Annu Int Conf IEEE Eng Med Biol Soc. 2022 Jul;2022:2062-2065. doi: 10.1109/EMBC48229.2022.9871284.
With the rapid development of the world economy and increasing improvement of people's living standards, the number of diabetic patients has been growing quickly. Meanwhile, the complications of diabetes especially retinopathy have been affecting their daily life seriously. The only way to prevent it from getting worse and even leading to blindness is to make corresponding diagnosis as early as possible. However, it's extremely impossible for professionals to diagnose all the patients through their fundus images.

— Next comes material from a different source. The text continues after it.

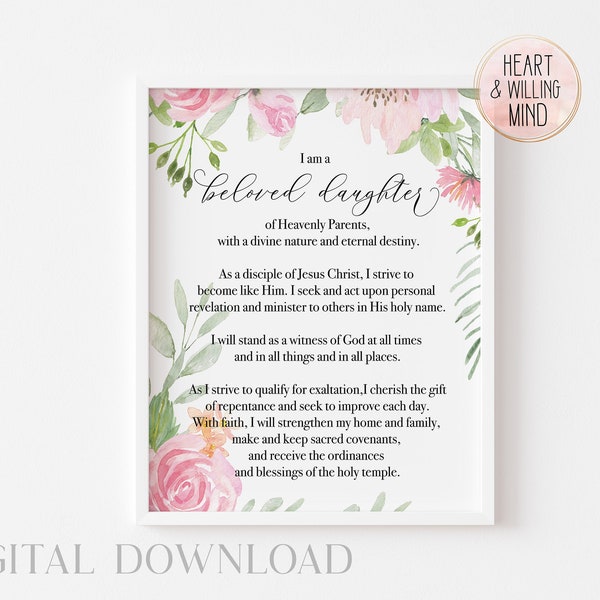 Lds Young Women Theme, Lds Home Decor, Christian Prints, YW Quotes Art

It couldn't be better to solve the problem by automatic systems, so we present a novel network to learn the features of diabetic retinopathy (DR) and its complication diabetic macular edema (DME) and the relationship between them, focus on some vital areas in the pictures and eventually obtain the grades of the two diseases at the same time. Experimental results further prove the effectiveness of our proposed module comparing to the only joint grading network before.

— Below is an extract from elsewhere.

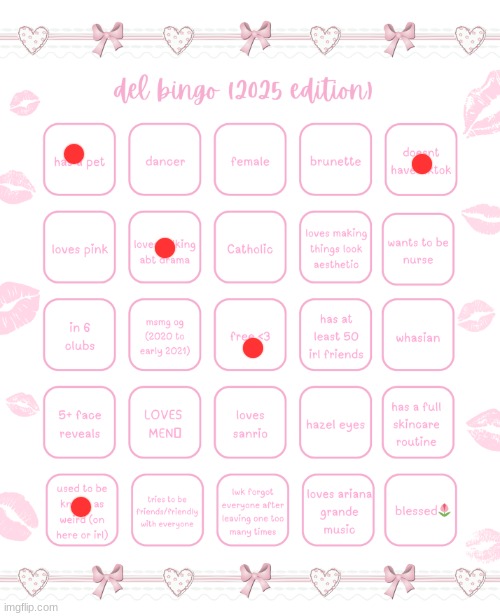 del bingo 2025 | image tagged in del bingo 2025 | made w/ Imgflip meme maker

随着世界经济的快速发展和人们生活水平的不断提高,糖尿病患者的数量一直在迅速增加。与此同时,糖尿病的并发症,特别是视网膜病变,严重影响了他们的日常生活。防止病情恶化甚至导致失明的唯一方法是尽早进行相应的诊断。然而,让专业人员通过眼底图像对所有患者进行诊断是极其不可能的。通过自动系统来解决这个问题再好不过了,因此我们提出了一种新的网络,用于学习糖尿病性视网膜病变 (DR) 和其并发症糖尿病性黄斑水肿 (DME) 的特征及其之间的关系,关注图片中的一些重要区域,最终同时获得两种疾病的等级。实验结果进一步证明了与之前仅有的联合分级网络相比,我们提出的模块的有效性。